Abstract

For feminists, the concept of the family as a social relationship presents particularly important challenges in theoretical and historical investigation. One aspect of working-class family life that has been examined by theorists and historians in the past decade may be especially useful in analyzing the processes of reproduction and gender divisions within the family: the family wage. The ideology of the male-earned family wage, many suggest, became a powerful argument for women's domestic role and position as secondary wage earner in the labor force. At first glance, the notion of the family wage seems like little more than a nasty example of patriarchy, a simplistic argument for women's subordination. Careful examination by feminist scholars has revealed it may be something more complex.
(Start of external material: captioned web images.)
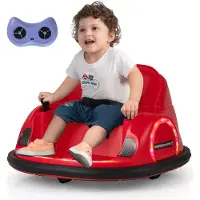 Goplus Elektrisches Kinderfahrzeug, Autoscooter mit LEDs, drahtlosem Anschluss, Musik & Soundeffekten, Spielzeugauto für Kinder ab 18 Monaten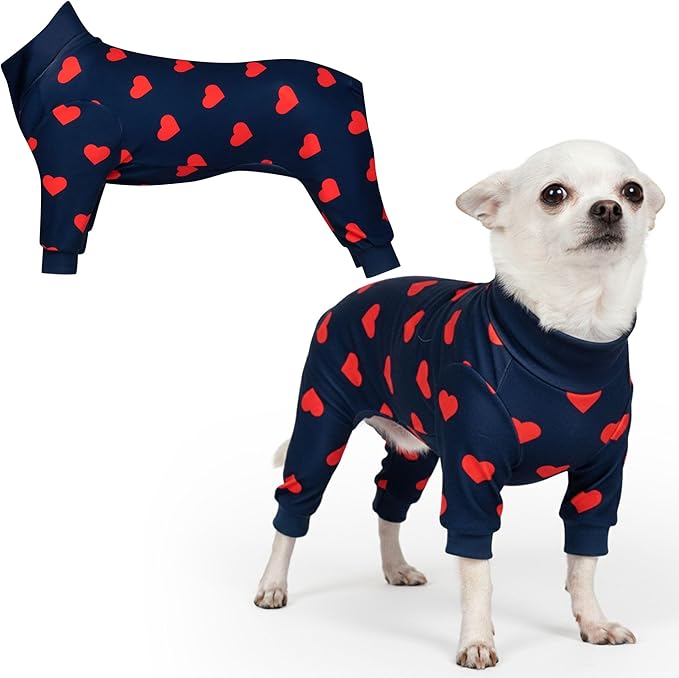 Spark Paws Dog Pajama, Dog Recovery Suit Male, Onesie, Ultra-Soft and 4-Way Stretch, for Small Medium and Large Breeds - Hearts - S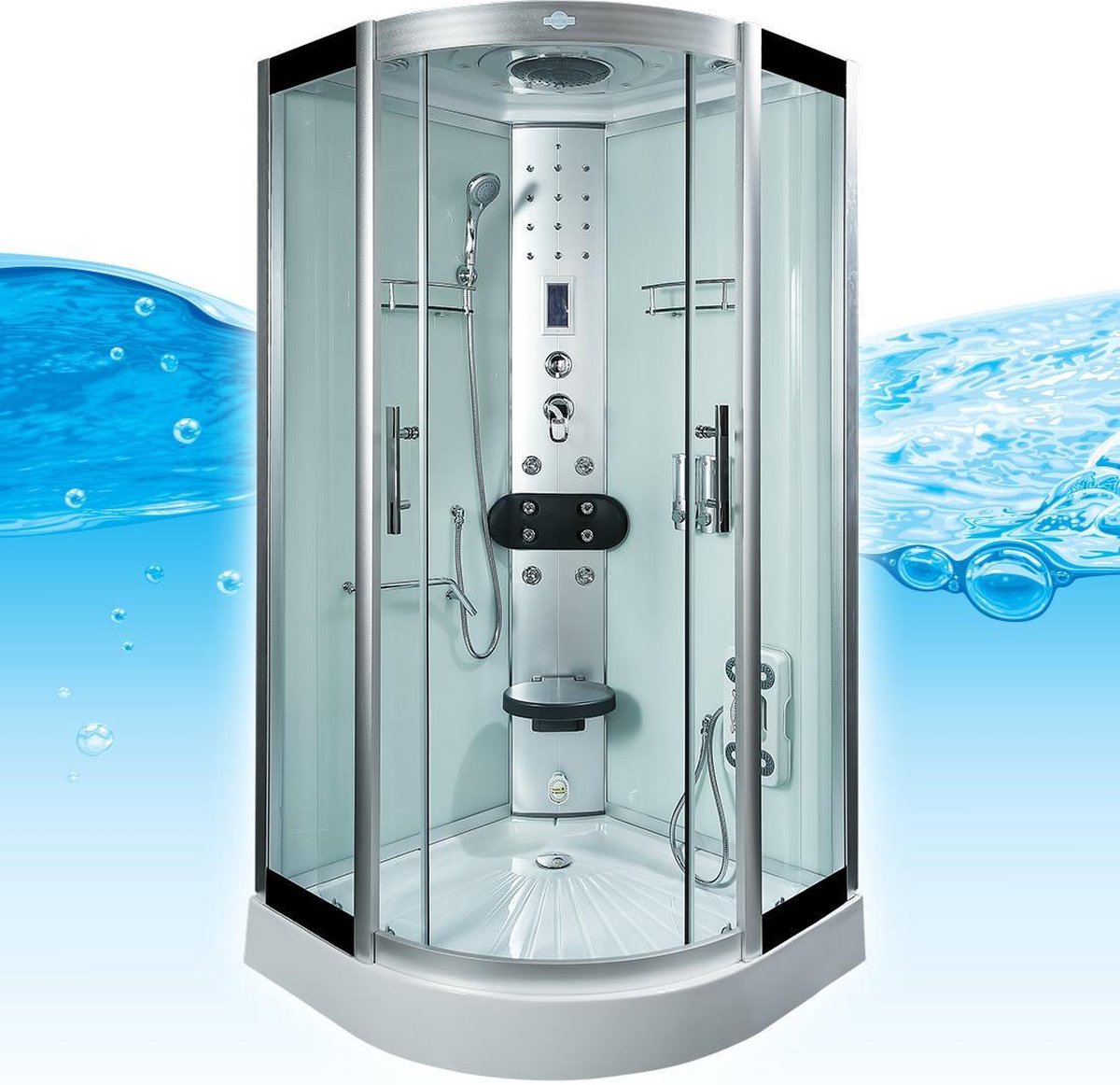 Stoomcabine 90X90X215 Enla. Luxe Stoomdouche, THERMOSTAATKRAAN Uitvoering, Kit-Vrij, Wit, Veiligheidsglas, LED, Radio, Speakers, Zitje, Massage, Hoekmodel, Kwartrond, Schuifdeuren, Douchebak, Afvoer, Sifon, A Kwaliteit, Full Options. Royal Sanitair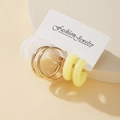 Minimalist gold hoop and C-shape resin earring set displayed on white card - Yellow White Metal Simple Set (47)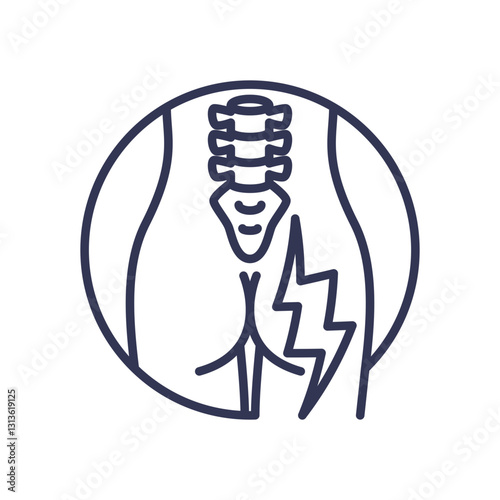 Illustration of back pain with spine and lightning bolt symbolizing sudden pain.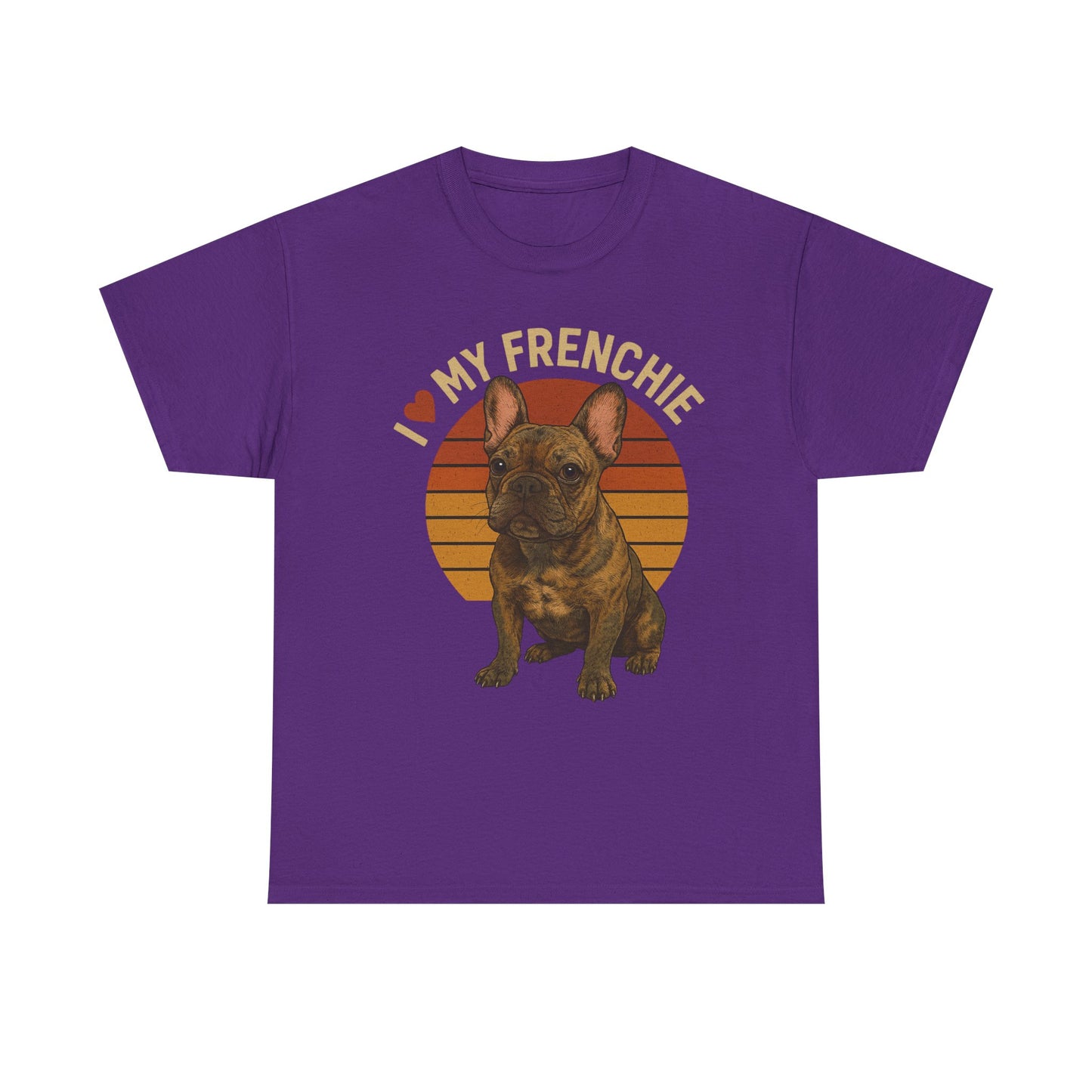 I Love My Frenchie T-Shirt | Brindle French Bulldog Retro Tee | Vintage Dog Lover Shirt | Frenchie Mom & Dad Gift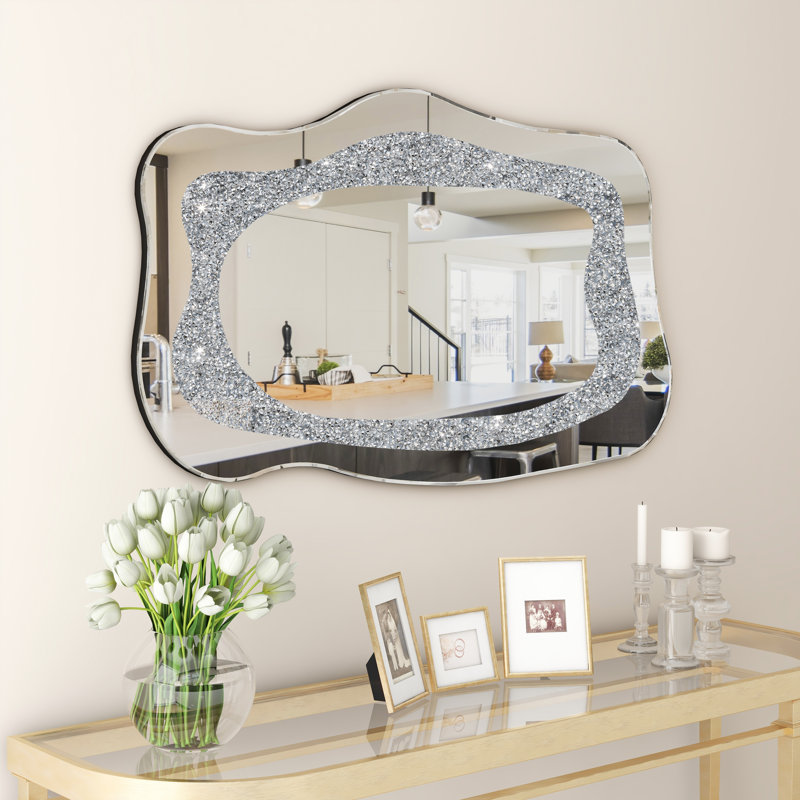 Faustine Irregular Wall Mirror with Crushed Diamonds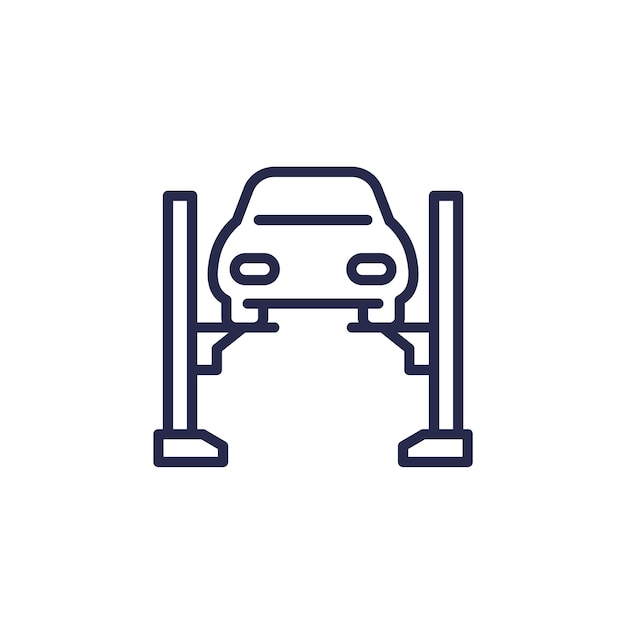 Icono de línea de elevación de ascensor de coche en blanco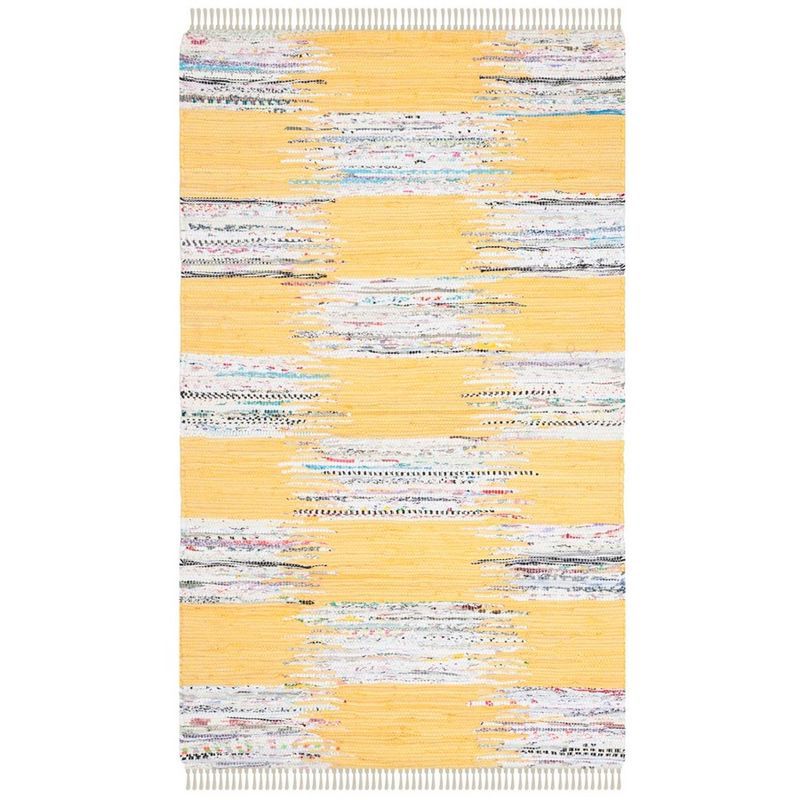 Yellow and Multicolor Handwoven Wool Cotton Area Rug, 3' x 5'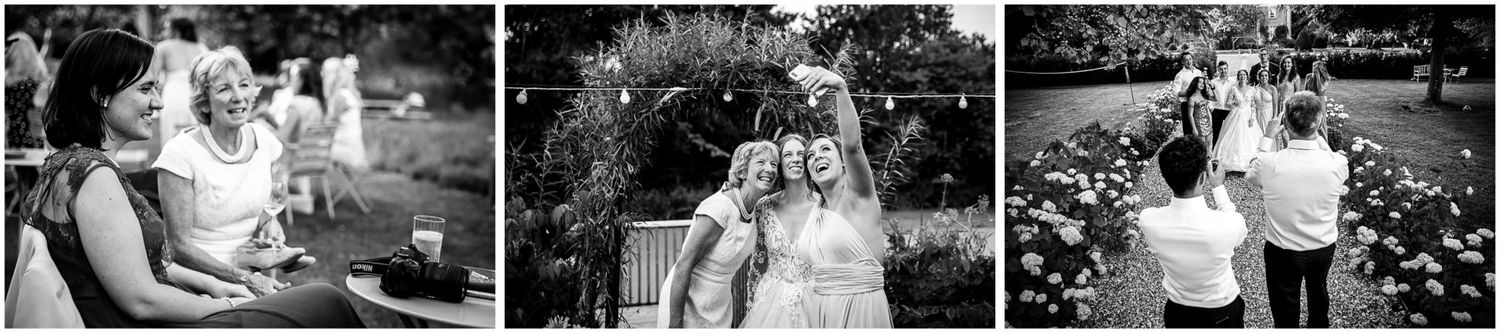 A series of black and white wedding photographs arranged in a horizontal filmstrip showing candid moments and celebrations.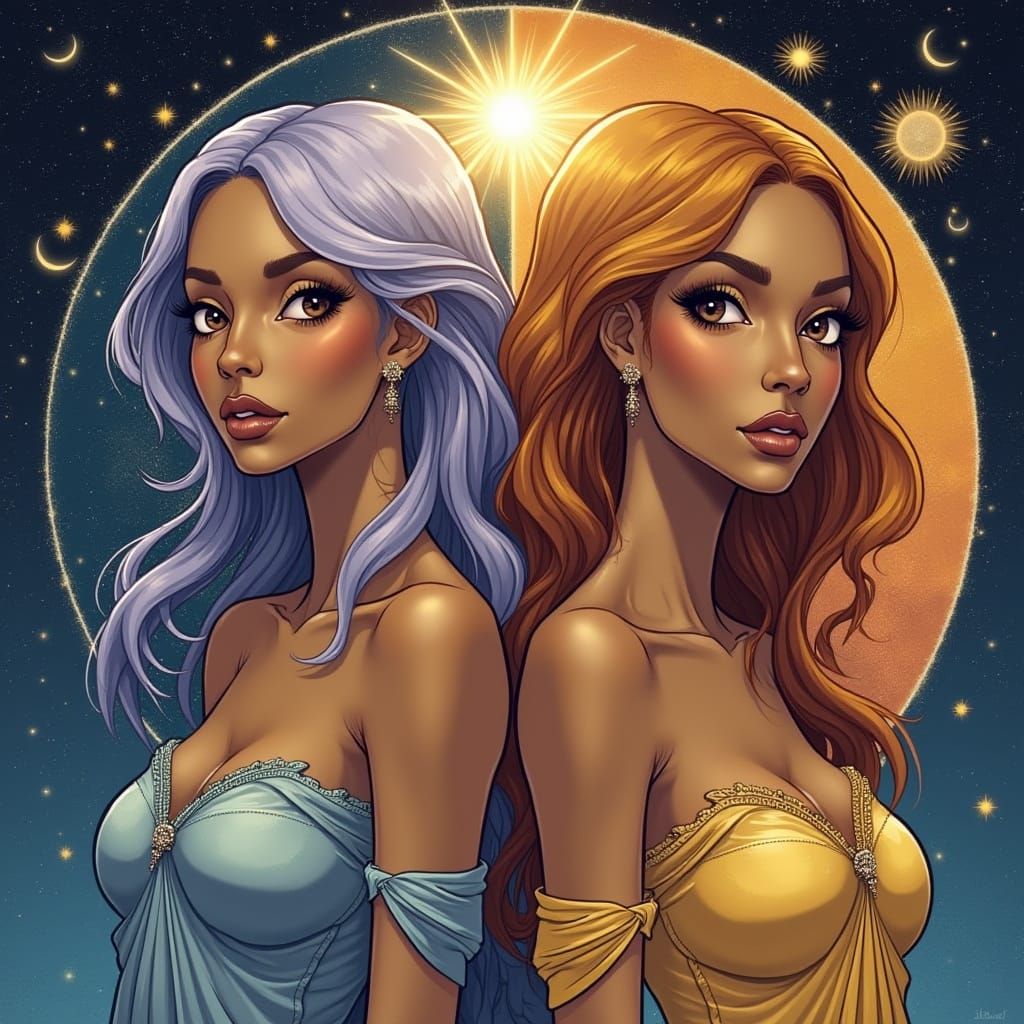 Divine Goddesses Unite in Cosmic Harmony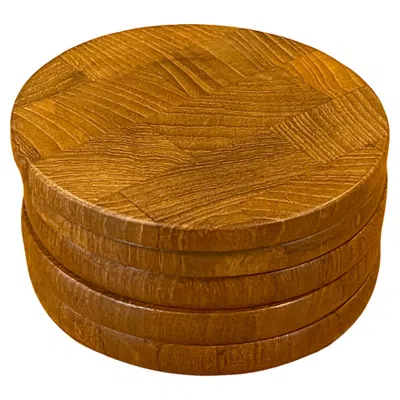 Pre-owned Dansk Set Of Five Danish Modern Staved Teak Coaster Set By  In Brown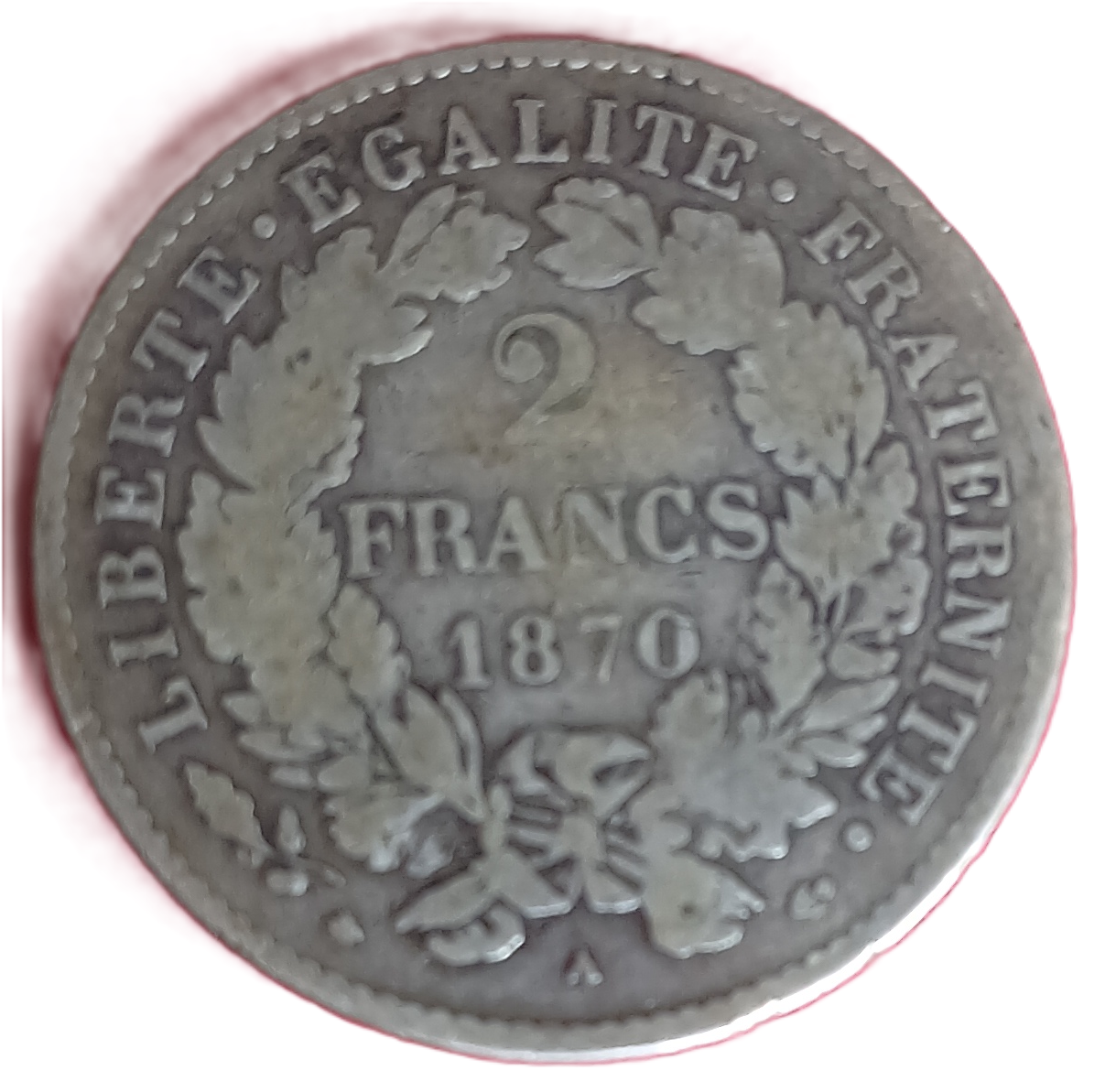 2 francs argent type Cérès 1870 petit A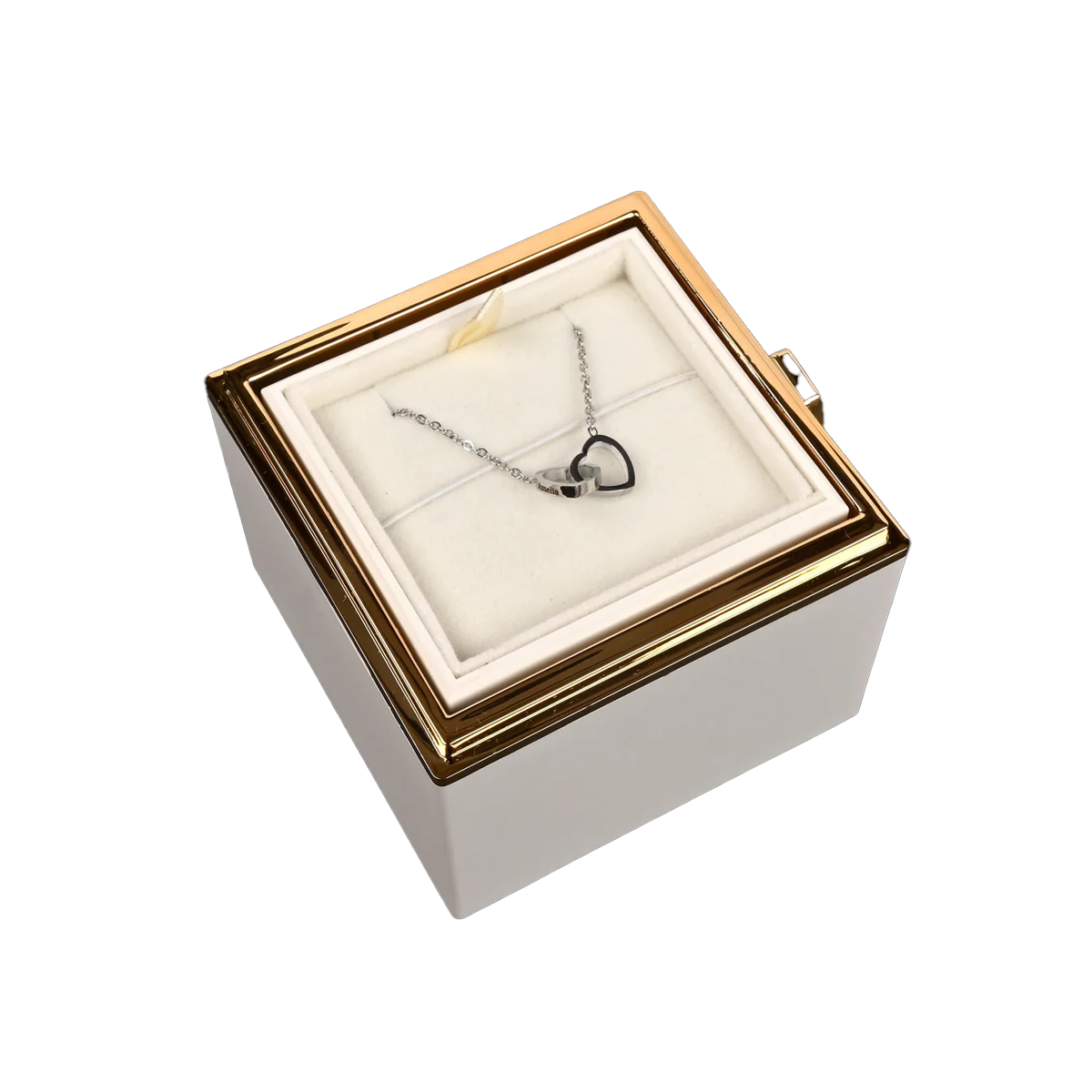 Rosenbox mit gravierter Halskette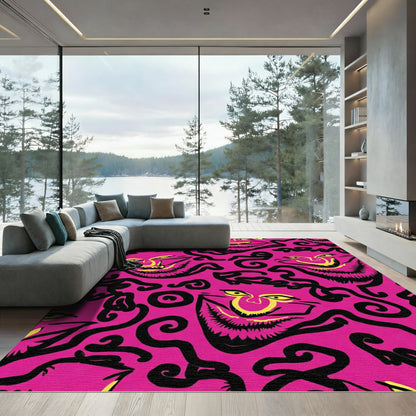 Bold Pink Grotesque Face Swirls Rug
The wage operates as an inferface, or mediating agent, between production and the reproduction of labor power. The family wage focuses our attention on the relationships among women, men, and children as they struggle to secure the means to survive. By analyzing the ideology of the family wage, its actual achievement by segments of the working class, and its impact on gender roles, we can begin to demystify the hidden relationships between sex, gender, and class. Domestic labor and waged labor are something more than a mystical meeting of paycheck and use values, or of women's household labor versus male waged labor. The family wage allows us a vehicle to investigate what Elizabeth Pleck called the two worlds in one: the relationship between production and social reproduction, and the role that sex distinctions have played historically in the creation and recreation of these processes.